__Exercise prompt__: Give back exactly the lines from the one holding "Паркетная доска Upofloor" to the bottom of the material, both included, and nothing more. No pictures.
Extracted entries: Begin
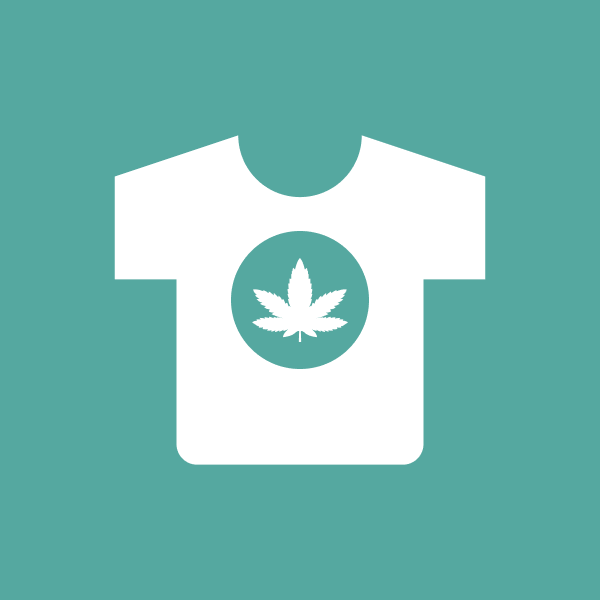Merch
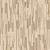 Паркетная доска Upofloor Ясень Кантри белый матовый трехполосный Ash Country Marble Matt 3S
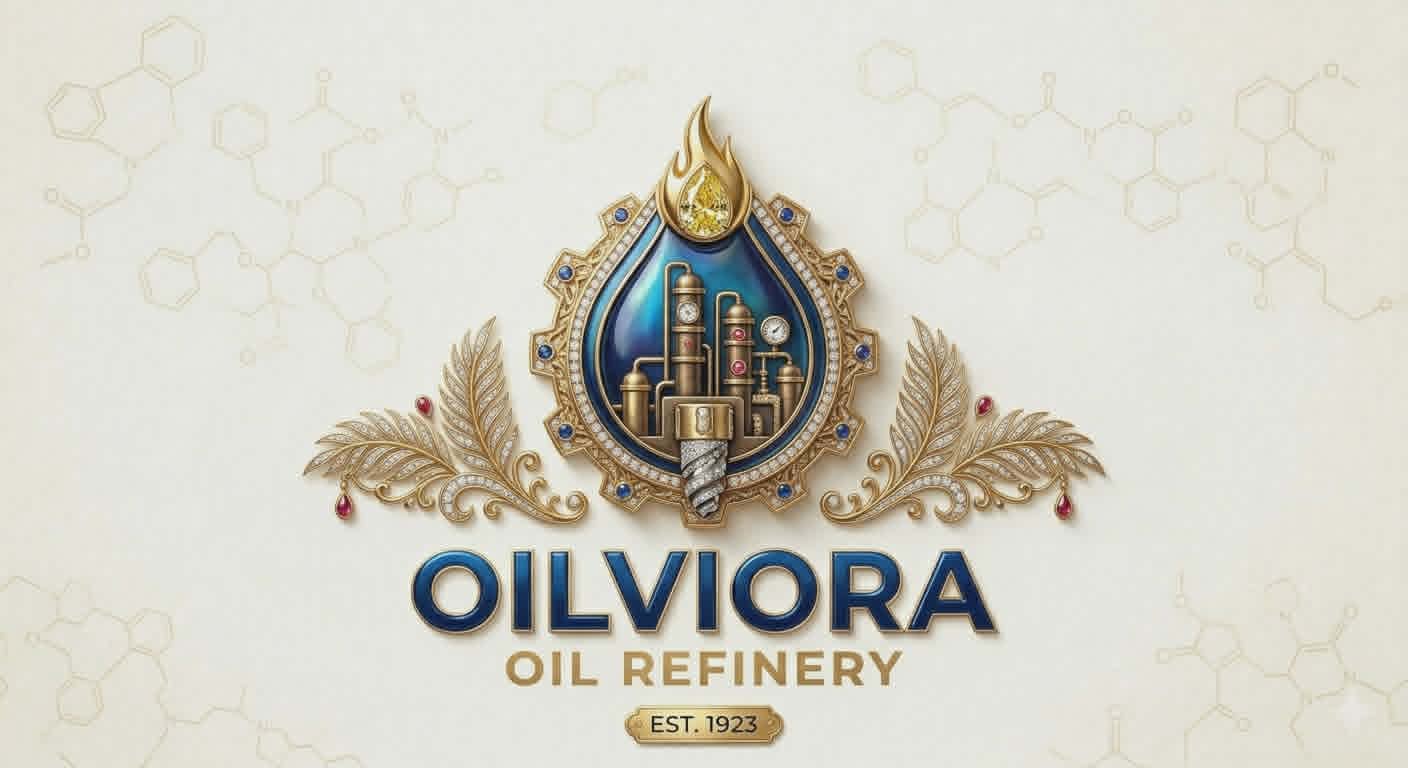 OILVIORA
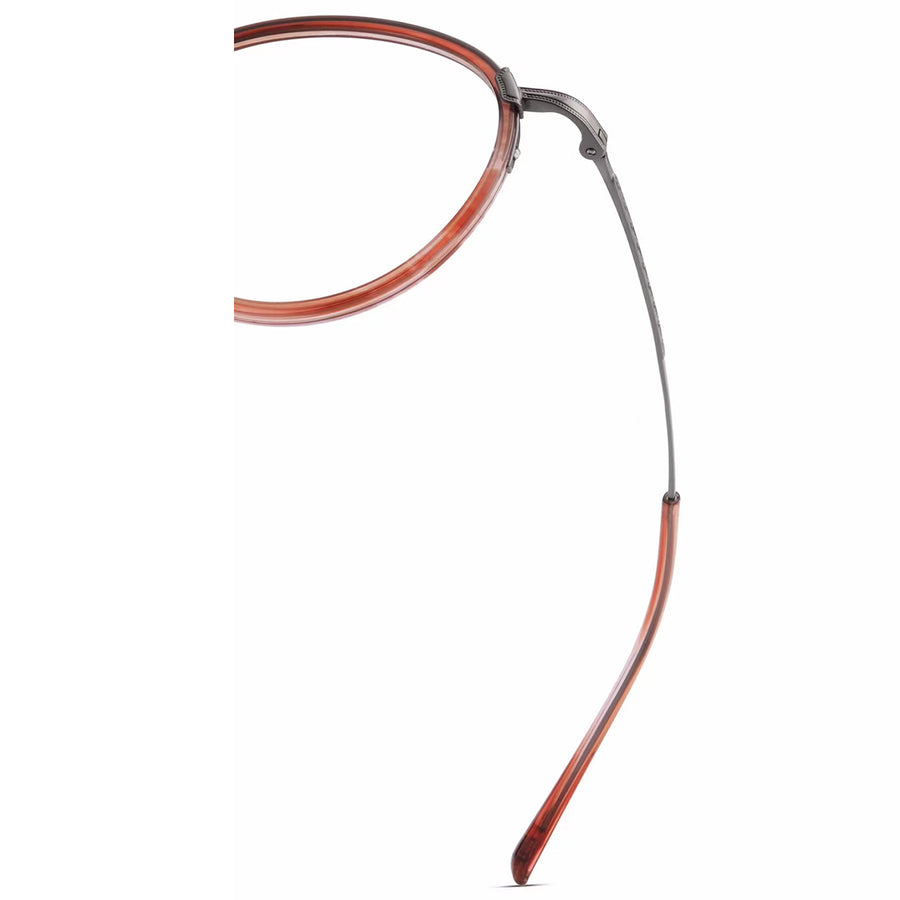 Round Glasses MW1203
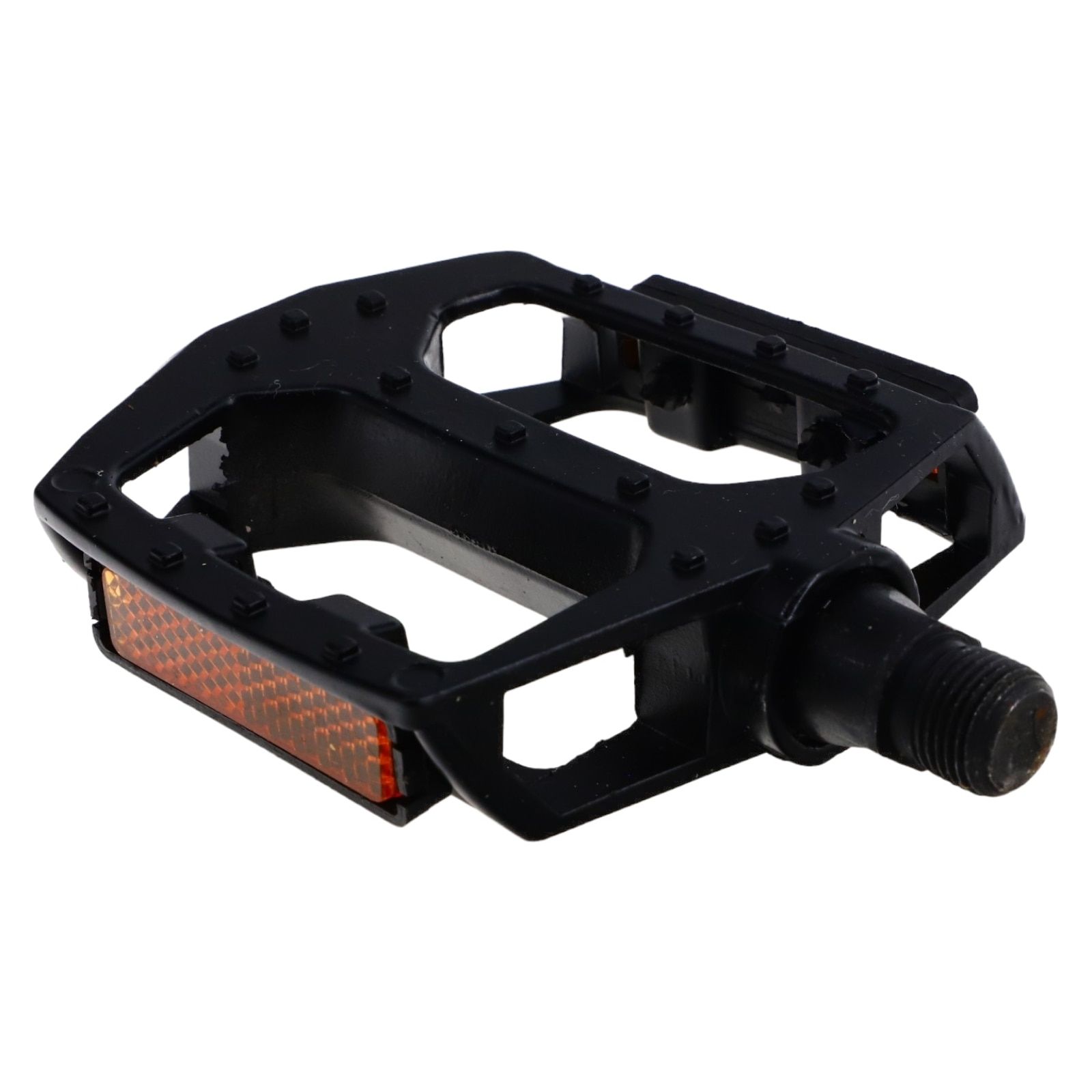 SUPORT OCHI DE PISICA FATA NEGRU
Extracted entries: End
__Reply to the task__:
 Паркетная доска Upofloor Ясень Кантри белый матовый трехполосный Ash Country Marble Matt 3S
 OILVIORA
 Round Glasses MW1203
 SUPORT OCHI DE PISICA FATA NEGRU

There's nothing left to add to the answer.